SteamPunk: Re-making the past

Maker Culture represents a fusion of the past, present, and the future; makers are in the process of creating a new and exciting future for the entire planet.

There is a movement which fuses these concepts of past, present, and future. That movement is SteamPunk, and it embodies the very ethic and ideas of Maker Culture and Do-It-Yourself that this entire project is focused on.

SteamPunk devotees imagine and invent a Victorian world where the primary form of power is the steam engine and where the science fiction devices of H.G. Wells and Jules Verne are alive and well. And, oh yes, computers, like those imagined by Charles Babbage, were actually built and functioning.

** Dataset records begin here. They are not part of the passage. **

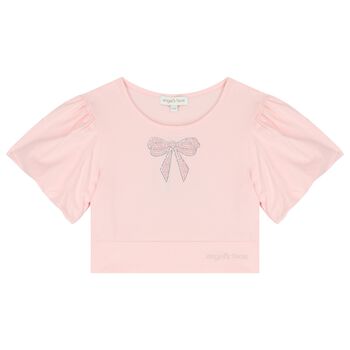 Girls Pink Embellished T-Shirt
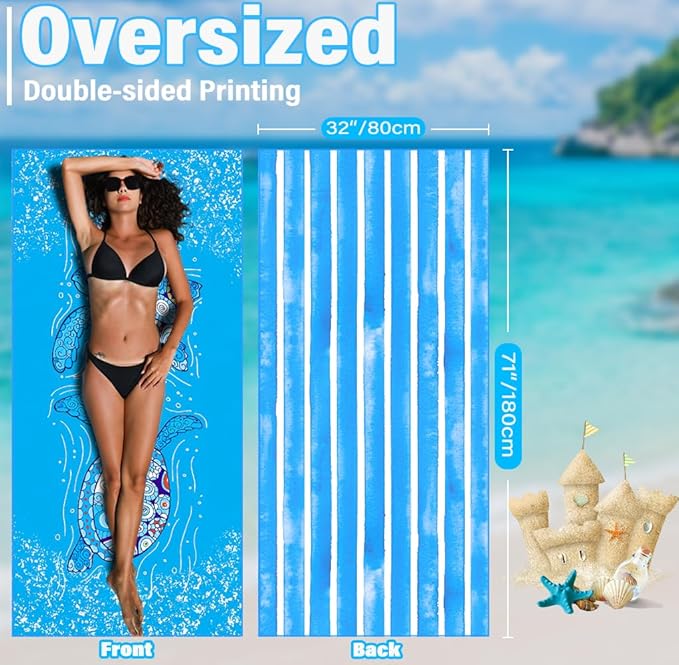 Lightweight Thin Microfiber Beach Towel Sand Free Quick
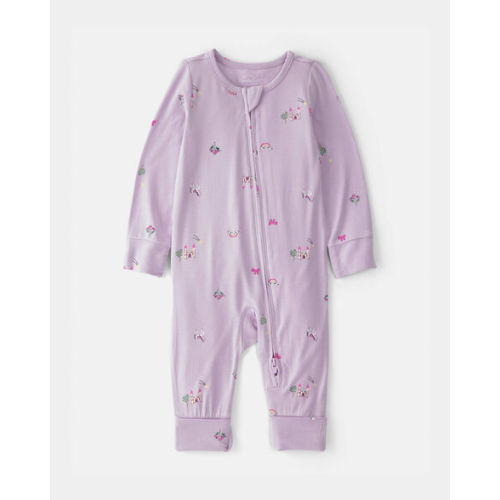 Baby Girl Fairytale 2-Way Zip PurelySoft Sleep & Play Pajama - Purple | Carter's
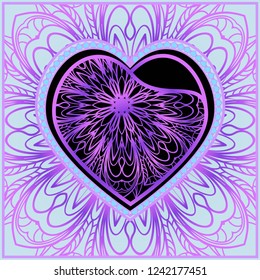 Invitation card with heart and floral ornament. Happy Valentines Day Background. Vector illustration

G.D. Falksen is a history student and author of fiction, whose work spans a wide range of genres, including SteamPunk, pulp adventure, historical fiction, horror, sci-fi and fantasy. He described SteamPunk as "essentially yesterday's future -- or perhaps 'the day before yesterday.' The advantage of modern SteamPunk is that we know where technology ultimately goes and how society develops, and we're able to take modern tech systems and concepts and re-imagine them using a Victorian aesthetic."

[Video: California SteamPunk convention]

He also says that many of the current technologies that comprise the MakerCulture ideals are not new ideas.

"One thing that is so fascinating is forensics, mass-production, information networks, mass transit, office life, etc., were anticipated by the 19th- and early 20th-centuries. Part of the fun of SteamPunk is envisioning the present or even the future in a Victorian context, and then to see just how closely these modern concepts match with historical fact and imagination."  [Tyee]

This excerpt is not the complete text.